Mr RUDDOCK (Minister for Immigration and Multicultural Affairs and Minister Assisting the Prime Minister for Reconciliation) (4:22 PM) —This motion is about division. If the opposition were not about exploiting division on this question and on like questions, they would not be promoting the sorts of divisive debates that we have heard today. To use, as the Leader of the Opposition has used, the Prime Minister's statement of wanting to govern for all of us, as well as his promise to commit himself very genuinely to the cause of true reconciliation, in the context of betrayal, leaves open only one view; that is, that the opposition want to exploit the views of the Prime Minister in a way which can achieve political advantage for themselves. Of course, then to go on and accuse us of division in indigenous affairs, of a failure to apologise in relation to claims for compensation, in relation to a failure to administer effective programs for the benefit of Aboriginals, indicates what the opposition want to do with these particular questions.

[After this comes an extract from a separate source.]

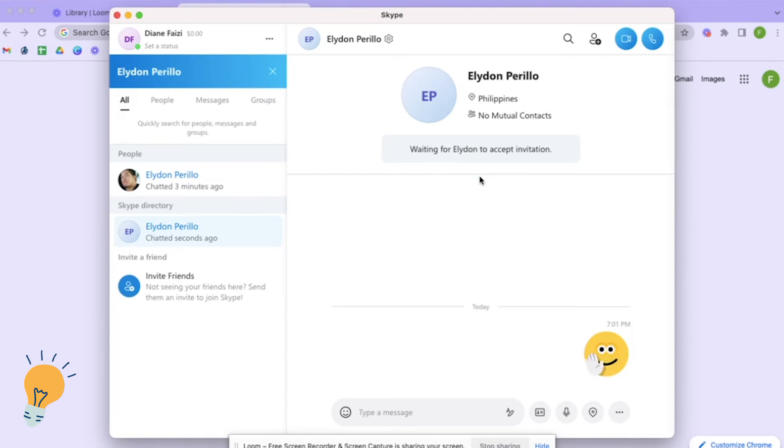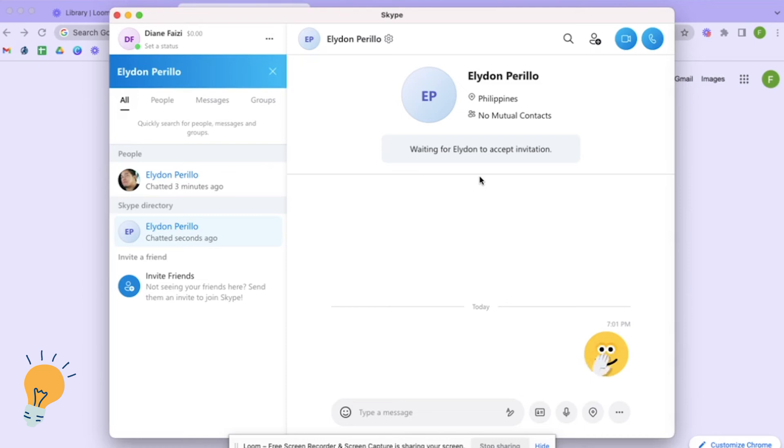I'm just gonna wait for him to accept it for me to be able to send more messages and we are gonna be friends in Skype.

In my comments today it is important to make clear that this division by the opposition will not in any way deflect the government from its objectives in relation to ensuring that we have better and more effective relationships between Aboriginal and Torres Strait Islander peoples and the rest of the Australian community. The Prime Minister has made it very clear that he supports the reconciliation process but he sees it as one that will continue beyond the year 2000 when the Council for Aboriginal Reconciliation ceases its work. The fact is that the Council for Aboriginal Reconciliation has been working, in accordance with the requirement of an act of parliament, to have ready for tabling in the parliament a report on reconciliation. That report will set out a means of giving effect to proposals that were contained in a document of reconciliation which was submitted in draft form but which, when finalised, is to be launched on 27 May at the Sydney Opera House. The council will also spend time in the remaining six months of its term seeking commitments to that document from a range of stakeholders.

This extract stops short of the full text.